Les Roubaisiens et les habitants des Hauts-de-France en auront bientôt la démonstration. Même s’il tient à « rester dans l’hyperacuité, l’hypersensibilité » et finalement « la fragilité » propres à la création, à 48 ans, l’âge de la maturité et de la stature conférées par quinze années de direction artistique, Sylvain Groud a choisi de répondre à la consultation lancée par le ministère de la Culture pour la direction du CCN. « Roubaix est un territoire d’une densité et d’une intensité à la hauteur d’un projet comme celui que je défends, c’est-à-dire descendre des temples de la culture. La démocratisation culturelle n’aura lieu que si l’artiste vient vers les publics. » Sylvain Groud ambitionne ainsi de créer un CCN mobile investissant les zones blanches de notre région, là où, traditionnellement, le spectacle n’entre pas.
CCN et vous !
Cette itinérance de l’œuvre se fera à Roubaix, déjà, au travers d’un projet conçu avec son complice et directeur adjoint, Denis Lucas, et construit avec les « acteurs qui font la réalité poétique du territoire » : le musée La Piscine, La Condition Publique, la Compagnie de l’Oiseau-Mouche, Le Gymnase CDCN, Le Fresnoy, l’association Parkour59, etc. Sylvain Groud en a déjà rencontré une trentaine. « Il est absolument question de faire avec eux, d’ajouter ma spécificité aux leurs, de co-construire et faire en sorte que chacun apporte son expertise et sa force au projet global qui est de s’épanouir à travers une œuvre artistique. »
Investir des endroits insolites, comme la gare ou le parc Barbieux. Danser à La Piscine. Aller vers le public et le faire venir au CCN. Y inviter des chorégraphes et des artistes de tout horizon, musiciens, comédiens, metteurs en scène… pour faire rayonner la structure au niveau national et international : c’est tout cela à la fois le projet de Sylvain Groud. « Mon projet s’appelle “CCN et vous”. On peut y entendre “Bougez-vous“, “Mobilisez-vous“, mais aussi “C’est le vôtre“. J’aspire à ce que le CCN devienne un endroit ressource où l’on puisse apprendre, rêver, partager. Mon projet sera réussi si tout Roubaisien à qui l’on demande ce qu’est le CCN, répond : c’est l’endroit où l’on fabrique la danse ! ».
Bio expresse
- 1969 : Naissance à Bondy
- 1991 : Diplômé du Conservatoire national supérieur musique et danse de Paris
- 1992 : Entrée au Ballet Preljocaj
- 2002 : Création de sa compagnie MAD en Normandie
- 2018 : Nomination à la direction du CCN de Roubaix
Les coups de cœur de Sylvain
Les Roubaisiens. Ceux que j’ai rencontrés déjà, mais ceux aussi que je regarde, que j’observe dans tous les espaces de vie, leur histoire, ce qu’ils ont vécu jusqu’à présent et ce que, j’espère, on vivra ensemble demain.
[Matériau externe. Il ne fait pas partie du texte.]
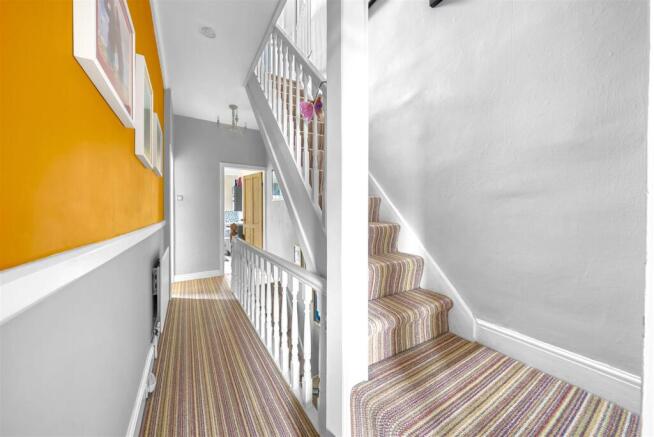 3 bed Terraced for sale Image 9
Baraka. Peut-être parce que c’est l’un des premiers endroits que j’ai rencontré, mais aussi pour son esprit participatif. L’économie solidaire et durable est un sujet qu’on doit absolument avoir en tête si on veut s’en sortir. Baraka défend cela.
La Condition Publique. Je m’y sens bien. C’est un lieu où l’on rêve et où l’on expérimente des choses, un endroit où l’on rencontre l’autre pour essayer de s’enrichir.